Your Face Sounds Familiar is a Greek reality show airing on ANT1. The second season premiered on March 9, 2014 and at the end of every live, the winner of the night will donate the money from the audience's voting (via phone) to a charity of their choice. In Cyprus, the money were given to "Mana" (Mother) organization every week.

Cast

Host and Judges 
The host of the show was once again Maria Bekatorou. Bessy Malfa, Katerina Gagaki and Alexandros Rigas returned as judges for the season while Gerasimos Gennatas was replaced by Takis Zaharatos.

Contestants 
Ten contestants in total competed in the second season; five women and five men. Apostolia Zoi had accepted to participate on the second series of the show, but she cancelled her participation due to personal reasons. Zoi revealed this in an interview with "Ego Weekly" Magazine, during her participation on the third series of the show.

Performances

Week 1 
The premiere aired on March 9, 2014 and winner of the first live was Lefteris Eleftheriou with 24 points.

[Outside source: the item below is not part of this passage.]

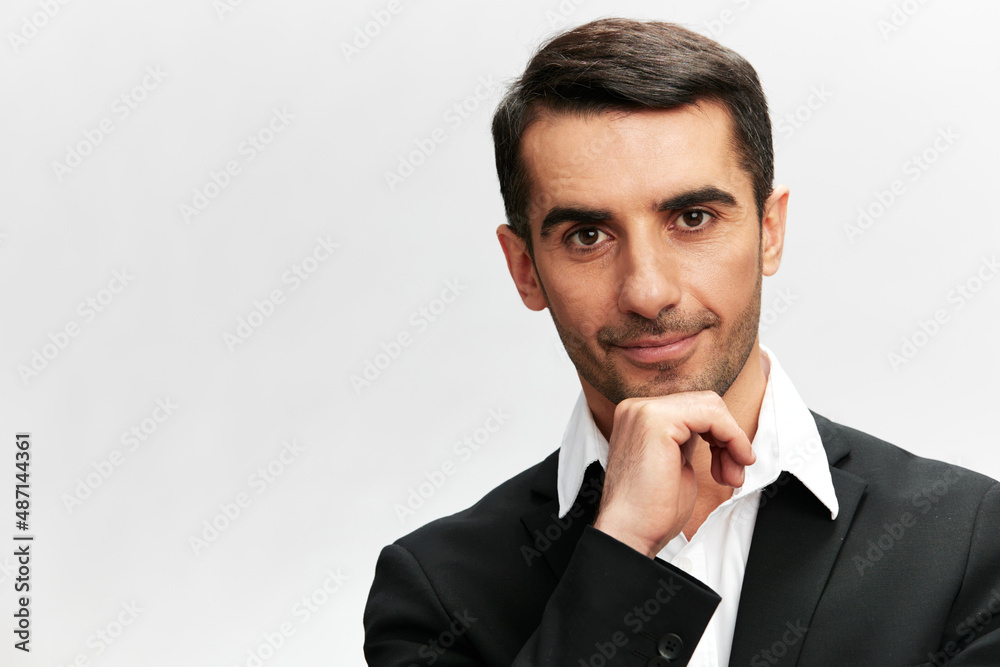 handsome man holding a hand under the chin with a smile posing self-confidence light background handsome man holding a hand under the chin with a smile posing self-confidence light background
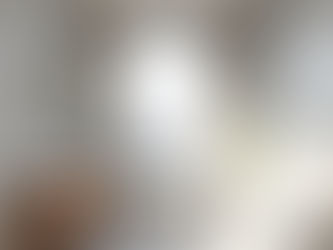 Modern luxury bathroom with oversized window, stone tiles and bright natural lighting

Eleftheriou chose to give the money from the audience voting to the needy children of the municipality of Naxos and small Cyclades.

Week 2 

The second episode aired on March 16, 2014 and the winner was Giannis Savvidakis with 23 points. Savvidakis chose to give the money from the audience voting to the orphanage "Melissa" of Thessaloniki.

Week 3 
The third episode aired on March 23, 2014 and the winner was Pantelis Karanakis with 22 points! And also got 22 points is Giannis Savvidakis!: Karanakis chose to give the money from the audience voting to the needy children of the municipality of Naxos and small Cyclades.

Week 4 
The fourth episode aired on March 30, 2014 and the winner was Giannis Savvidakis with 22 points. Savvidakis chose to give the money from the audience voting to the foundation "Grammi Gia To Paidi".

Week 5 
The fifth episode aired on April 6, 2014 and the winner was Betty Maggira with 22 points. Maggira chose to give the money from the audience voting to "Elpida" foundation, a foundation for kids who suffer from cancer.

Week 6 
The sixth episode aired on April 13, 2014 and the winner was Costas Doxas with 22 points. Doxas chose to give the money from the audience voting to "Chatzikiriakio foundation" of Piraeus.

Week 7 
The seventh episode aired on April 27, 2014 and the winner was Aris Plaskasovitis with 23 points. Plaskasovitis chose to give the money from the audience voting to "Eliza foundation" of Thessaloniki.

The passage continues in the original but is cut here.